Sunday, May 27, 2012
© Charles D. Hayes
When I first discovered the academic theory of ideological amplification a few years ago, I was intrigued, and I am still. The subject is not only fascinating, but failure to understand it thoroughly is politically hazardous. Ideological amplification is something we recognize intuitively at an unconscious level, but it's not something most of us are aware of intellectually, unless it has been brought to our attention. We may hear of it, for instance, as a subject of study in academia or when it plays itself out in public theatre for all to see. Those of us who grew up watching TV westerns can recall the frequent gatherings of small-town citizens at their local sheriff's jail, where grumbled opinions and heated remarks escalated to the point of deciding to hang someone.
Ideological amplification is simply the psychological behavior that occurs when people with similar views get together and subsequently push their views to a further extreme. It happens as an often unconscious way of unifying and solidifying the group. Together they move to excessive positions that none of them individually would likely have reached on their own. For example, liberals will tend to move ideologically further left and conservatives further right when they’re in a group. It’s one thing, however, when a harmonious group of like-minded individuals get together, but quite another when it involves a competition to prove one's ideological commitment is greater than that of the competitors.
This year's GOP presidential primary offered a center-stage example of ideological amplification, and the result has brought the Republican Party close to alienating a significant number of its moderate supporters. Make no mistake, each of the individuals seeking the nomination for president this year has had his own group of rock-solid supporters. But to a skeptical electorate, the ever-increasing attempts to out-conservative one another have, for the last four men who participated in this year's GOP primary contest, succeeded in making Ron Paul look like a crackpot; Rick Santorum, a religious fanatic; Newt Gingrich, a borderline psychopath; and Mitt Romney an indecisive narcissist who appears willing to do or say anything to become president.
When you factor in Rush Limbaugh, with his trademark misogyny, the Republican Party has entered dangerous demographic territory with regard to gender politics, if current polls are accurate. What the candidates couldn't accomplish with ratcheting up their conservatism to a fever pitch mania, Limbaugh has achieved just by being his usual hate-filled self. After all, upping emotional angst through thinly veiled contempt and outright hatred is what has made him a multimillionaire.
Between now and November, the most interesting thing to come out of politics is going to be watching the GOP dig their way out of the mess they've made and try to sound like reasonable human beings to those of us who do not share their ideology. That there is a great ideological chasm between our two major political parties today is blatantly obvious, but it is still possible to disagree about politics without viewing one's opposition as the incarnation evil. That is, unless either side amplifies their position past the point of contempt for their opposition.
Regardless of where we register on the political horizon, moving too far in either direction will land us in the camp that we originally set out to oppose. Moving too far left or right can land one in fascist territory, as left becomes right and right becomes left in extremes. A viable democracy requires a left, right, and center with the input of each and the exclusion of none.

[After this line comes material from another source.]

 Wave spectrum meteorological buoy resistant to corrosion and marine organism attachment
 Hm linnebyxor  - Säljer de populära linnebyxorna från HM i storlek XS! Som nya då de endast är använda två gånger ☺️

The lesson to be learned from ideological amplification is to always be aware of its power and to guard against letting it push us to extremes.
John Adams and Thomas Jefferson, our second and third presidents respectively, were political rivals, but they corresponded for a half-century in a dialog to further their ideas about what was best for America. In 1813, Adams wrote to Jefferson saying that they should not die before explaining themselves to one another. Both Adams and Jefferson died on the same day, July 4, 1826, fifty years to the day after American Independence. Too bad we can’t ask them about the danger of ratcheting up one's rhetoric to the point of diminishing returns. But their actions leave little doubt about the need for explaining ourselves without shouting or continuously upping the levels of hostility.
Ideological amplification in politics is analogous to conflict-ridden emotion on steroids: the only purpose served is to move each side further and further apart. People who understand this human frailty can overcome it, but it means caring more about solutions to problems than which side is offering them. Genuine democracy requires getting beyond ideology.